Purpose: Get notified when there's an unusual increase in 404 errors

Configuration:

  • Insight: "Total 404s Over Time" from Dashboard 1
  • Threshold: Increase of 50% compared to previous period
  • Time period: Last 24 hours
  • Notification channel: Email or Slack
  • Filter: is_likely_bot = false (exclude bot traffic)

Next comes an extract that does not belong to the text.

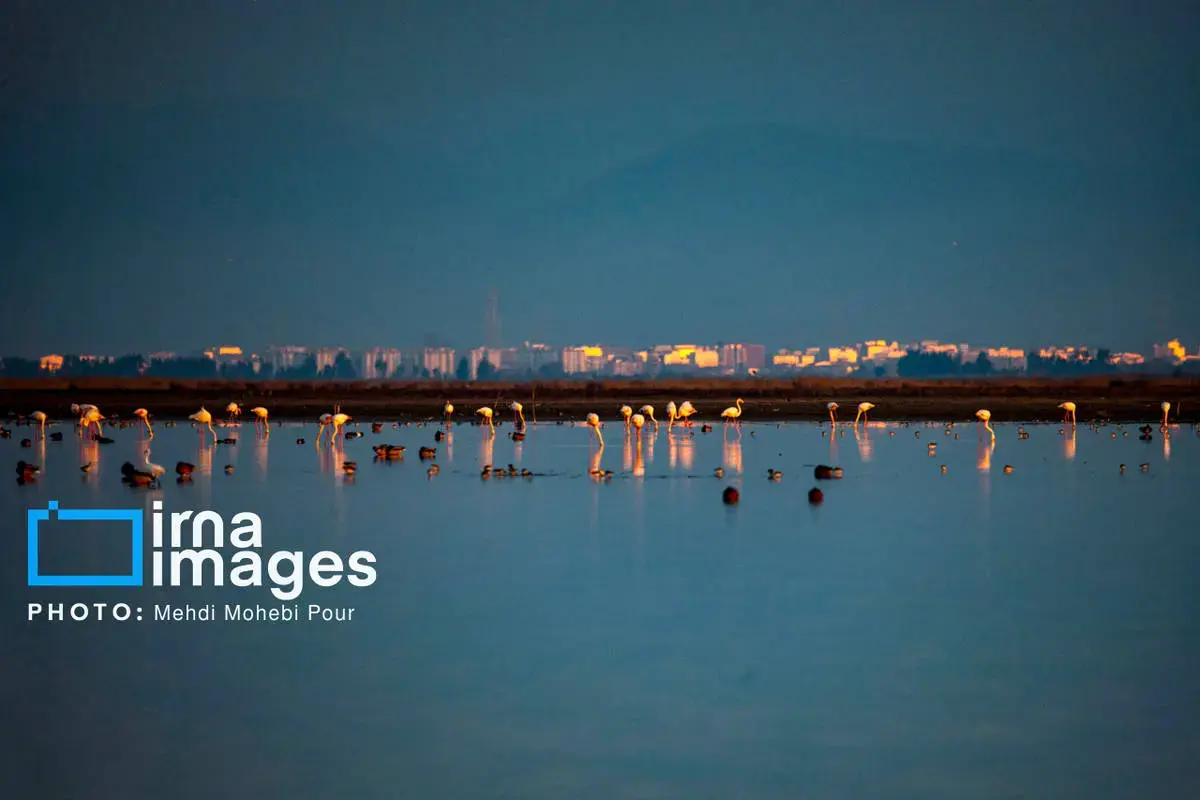  پرندگان مهاجر در آغوش میانکاله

When it fires: A sudden spike often indicates:

  • A popular page was moved/deleted
  • External site linked to wrong URL
  • Recent deployment broke links

Alert 2: New High-Volume 404

Purpose: Detect when a specific URL starts getting many 404s

Configuration:

  • Insight: "Top Broken URLs" from Dashboard 1
  • Threshold: Any URL with > 10 hits in last hour
  • Filter: is_likely_bot = false
  • Notification channel: Email or Slack

When it fires: Indicates a specific URL is being heavily accessed but doesn't exist

Purpose: Catch broken links on our own documentation pages

Configuration:

  • Insight: "Pages with Broken Links" from Dashboard 2
  • Threshold: Any page with > 5 broken link clicks in 24 hours
  • Filters:
    • is_internal_referrer = true
    • is_likely_bot = false
  • Notification channel: Email or Slack (dev team)

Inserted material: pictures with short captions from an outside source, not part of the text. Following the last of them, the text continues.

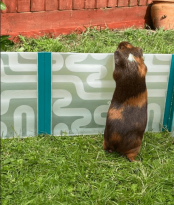 A guinea pig against the side of the large playpen.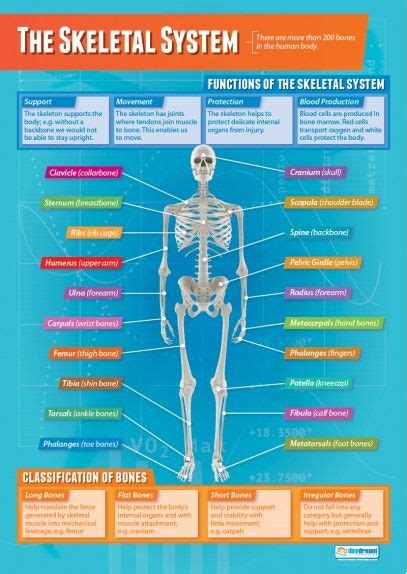 The Skeletal System Physical Education School Posters Experiments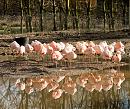 Click image for larger version. 

Name:	flamingos .jpg 
Views:	212 
Size:	322.5 KB 
ID:	1079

When it fires: One of our docs pages has a broken link that needs fixing

Querying Examples

sql
SELECT
  broken_url,
  COUNT(*) as hits
FROM events
WHERE
  event = 'broken_link_accessed'
  AND properties.referrer_path = '/langgraph/quickstart'
  AND properties.is_likely_bot = false
  AND timestamp > now() - INTERVAL 30 DAY
GROUP BY broken_url
ORDER BY hits DESC

Find most common 404s this week

sql
SELECT
  properties.broken_url,
  COUNT(*) as hits,
  COUNT(DISTINCT properties.referrer_url) as unique_referrers
FROM events
WHERE
  event = 'broken_link_accessed'
  AND properties.is_likely_bot = false
  AND timestamp > now() - INTERVAL 7 DAY
GROUP BY properties.broken_url
ORDER BY hits DESC
LIMIT 20
sql
SELECT
  properties.broken_url_full,
  COUNT(*) as hits
FROM events
WHERE
  event = 'broken_link_accessed'
  AND properties.query_params IS NOT NULL
  AND properties.is_likely_bot = false
  AND timestamp > now() - INTERVAL 7 DAY
GROUP BY properties.broken_url_full
ORDER BY hits DESC
sql
SELECT
  properties.referrer_domain,
  properties.referrer_path,
  properties.broken_url,
  COUNT(*) as hits
FROM events
WHERE
  event = 'broken_link_accessed'
  AND properties.is_internal_referrer = false
  AND properties.is_likely_bot = false
  AND timestamp > now() - INTERVAL 30 DAY
GROUP BY
  properties.referrer_domain,
  properties.referrer_path,
  properties.broken_url
ORDER BY hits DESC
LIMIT 20
sql
SELECT
  properties.referrer_path,
  properties.broken_url,
  COUNT(*) as hits
FROM events
WHERE
  event = 'broken_link_accessed'
  AND properties.referrer_domain = 'partner-site.com'
  AND properties.is_likely_bot = false
  AND timestamp > now() - INTERVAL 90 DAY
GROUP BY
  properties.referrer_path,
  properties.broken_url
ORDER BY hits DESC

Maintenance Workflow

  1. Weekly Review:

    • Check "Top Broken URLs" insight
    • Create redirects for high-traffic 404s if appropriate
    • Fix or remove broken internal links
    • Review "Top External Referrer Domains" for partner broken links
  2. After Deployments:

    • Monitor "Total 404s Over Time" for spikes
    • Check "Recent Internal 404s" for new issues
  3. Monthly Cleanup:

    • Review "Internal Broken Links" dashboard
    • Run link checker script: npm run check-links
    • Fix any persistent internal broken links
  4. Partner Outreach (as needed):

    • Check "Partner Broken Link Pairs" dashboard
    • Identify high-traffic broken links from partner sites
    • Contact partners to update their links
    • Consider creating redirects for common partner mistakes

Bot Filtering

The tracking automatically filters out common bots using user agent patterns:

  • /bot/i
  • /crawl/i
  • /spider/i
  • /slurp/i
  • /mediapartners/i
  • /googlebot/i
  • /bingbot/i
  • /facebookexternalhit/i
  • /twitterbot/i

Use the is_likely_bot = false filter in dashboards to focus on human traffic.

Privacy Considerations

The tracking does NOT collect:

  • Personal identifiable information
  • IP addresses
  • User IDs or session tokens

The data collected (URLs, referrers, user agents) is standard web analytics information used solely for improving documentation quality.